Le seul recours de la personne est d’interjeter appel contre la décision du Juge de la Liberté et de la Détention qui a autorisé la saisie pratiquée préalablement afin de débattre de sa réalité et de sa validité, devant la Chambre de l’Instruction de la Cour d’Appel territorialement compétente.
Toutefois, la Cour d’Appel n’est pas Juge du fond. Elle se borne à vérifier si avec les moyens dont dispose le Parquet ou le Juge d’Instruction, cette mesure exorbitante de droit commun, prévue par la loi de 2010 pouvait être mise en œuvre.
La Chambre de l’Instruction saisit d’un recours ne peut qu’annuler ou moduler et donc réduire le montant des sommes saisies.
Dans un autre exemple, un salarié, maître de chais, s’est vu poursuivi pour ne pas avoir respecté le cahier des charges des appellations vinifiées par ses soins.
Licencié et donc privé de ressources, ses comptes et les sommes sur lesquelles il comptait pour assurer son quotidien, sont saisis d’autorité par l’AGRASC, sur l’initiative du Parquet.
L’ensemble des sommes qu’il perçoit, notamment les indemnités Assedic, sont saisies.

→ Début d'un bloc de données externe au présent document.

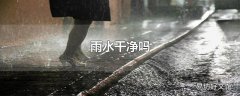 雨水干净吗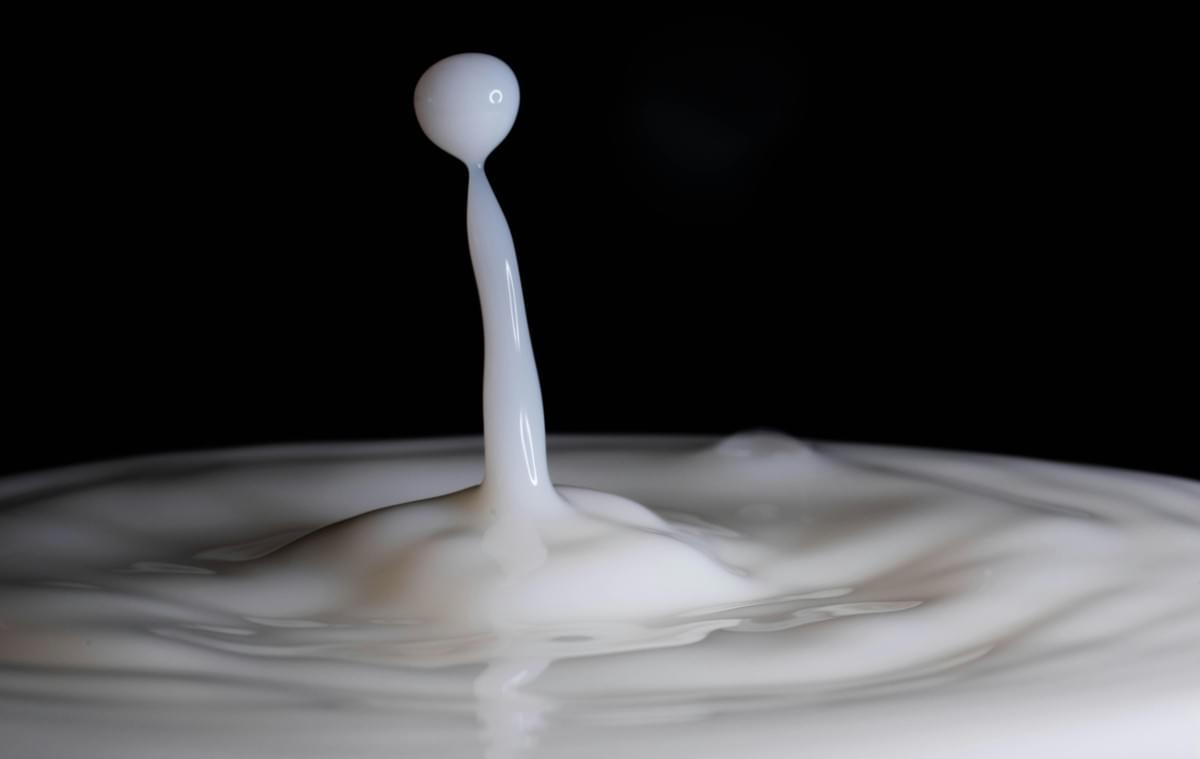 A high-speed macro photograph captures a column of white liquid, such as milk, rebounding upward with a single rounded droplet balanced atop its peak. Soft ripples spread across the liquid surface below, set against a stark, solid black background. A high-speed macro photograph captures a column of white liquid, such as milk, rebounding upward with a single rounded droplet balanced atop its peak. Soft ripples spread across the liquid surface below, set against a stark, solid black background.
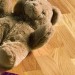 Паркетная доска Polarwood Дуб Тундра трехполосный
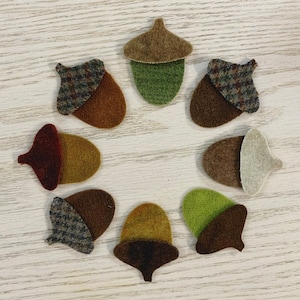 May include: A collection of felt acorn shapes in various colors, including brown, green, and tan. Some acorns have patterned caps. The acorns are arranged in a circular pattern on a light wood-grain surface.
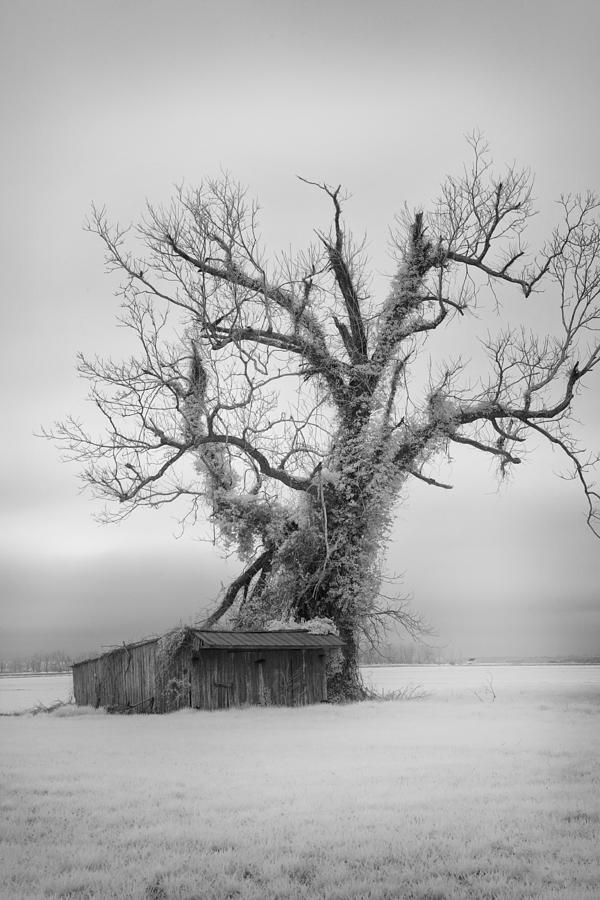 Killer Tree - Outer Banks Photograph by Dan Carmichael
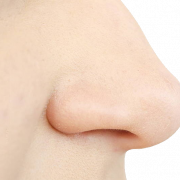 Nose PNG File Download Free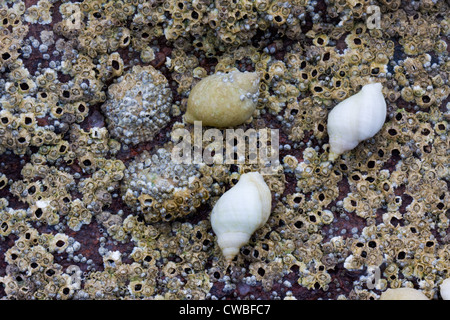 Les coquillages sur une roche, couverte de balanes Banque D'Images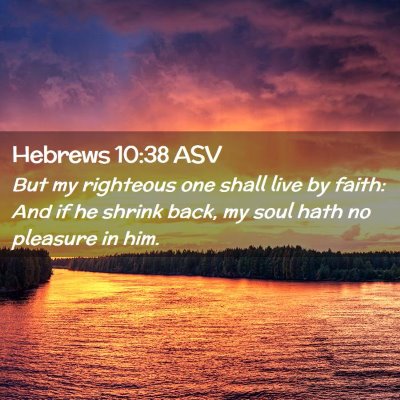 Picture 02 - Hebrews 10:38 ASV - But my righteous one shall live by faith: And if - Bible Verse Picture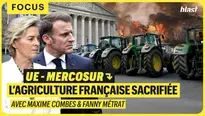 UE - Mercosur : l’agriculture française sacrifiée
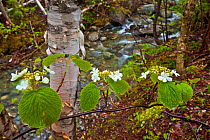 Hobblebush (Viburnum lantanoides) in flower beside Paper birch tree and stream on Appalachian Trail, Crocker Mountain, Stratton, Maine, USA, May 2010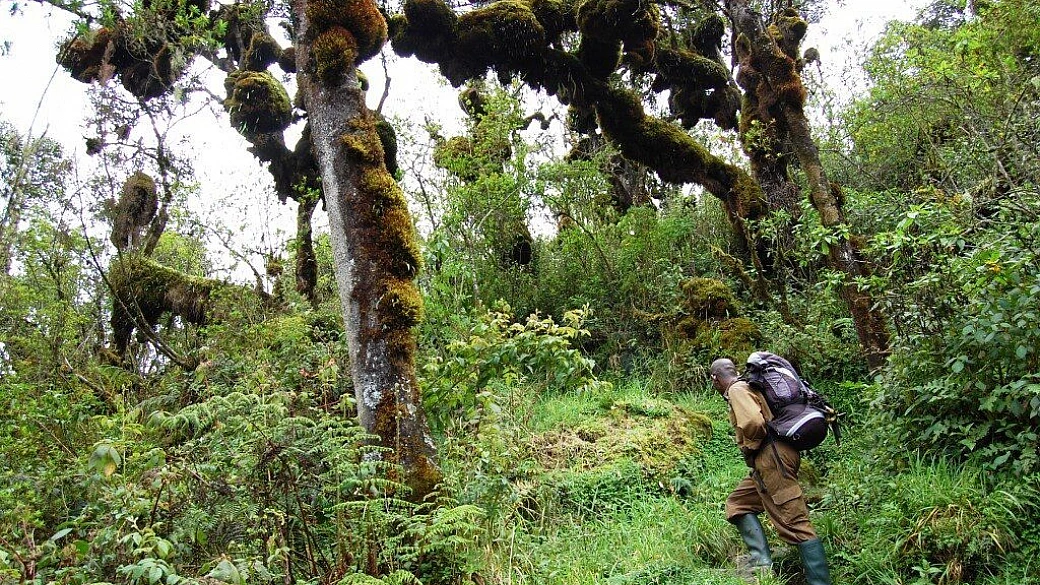 ascesa sul massiccio del rwenzori e visita ai gorilla di montagna in uganda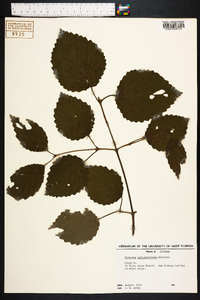 Viburnum rafinesqueanum image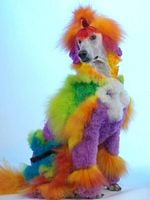 Pôster de Well Groomed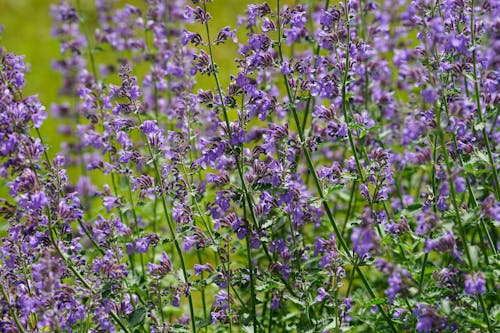 Kostnadsfri bild av blommor, fjäder, kattmynta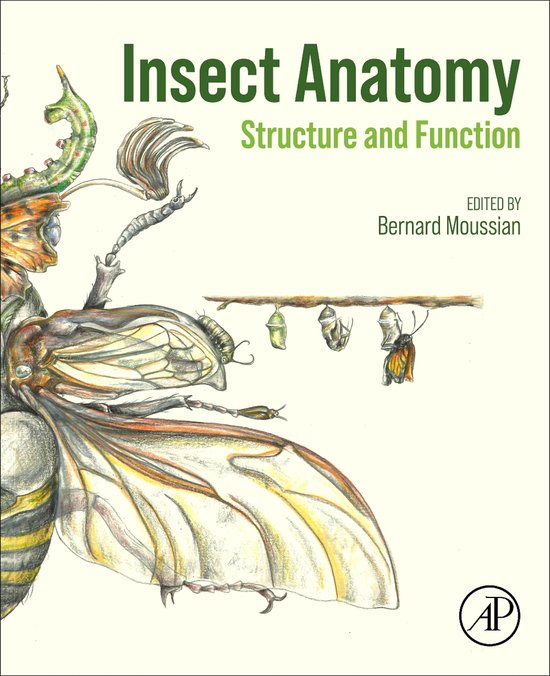 Insect Anatomy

Il n’a donc plus de subvenir à ses besoins essentiels comme régler son loyer. Paradoxalement, il est toujours présumé innocent puisque la procédure est en cours d’instruction, laquelle prendra plusieurs mois, sinon années.
Si la situation d’une société florissante est moins dramatique que celle d’un particulier, il n’en reste pas moins que des vies peuvent se trouver ainsi broyées, lorsqu’une relaxe ou une condamnation moindre que le quantum saisi intervient.
Inversement, même si les personnes concernées par ces mesures drastiques sont au final condamnées, ils ne leur restent plus rien.
Que dire alors de la possibilité pourtant prônée par notre droit pénal de la faculté qui doit toujours être permise à tout condamné, de s’amender et de se réinsérer.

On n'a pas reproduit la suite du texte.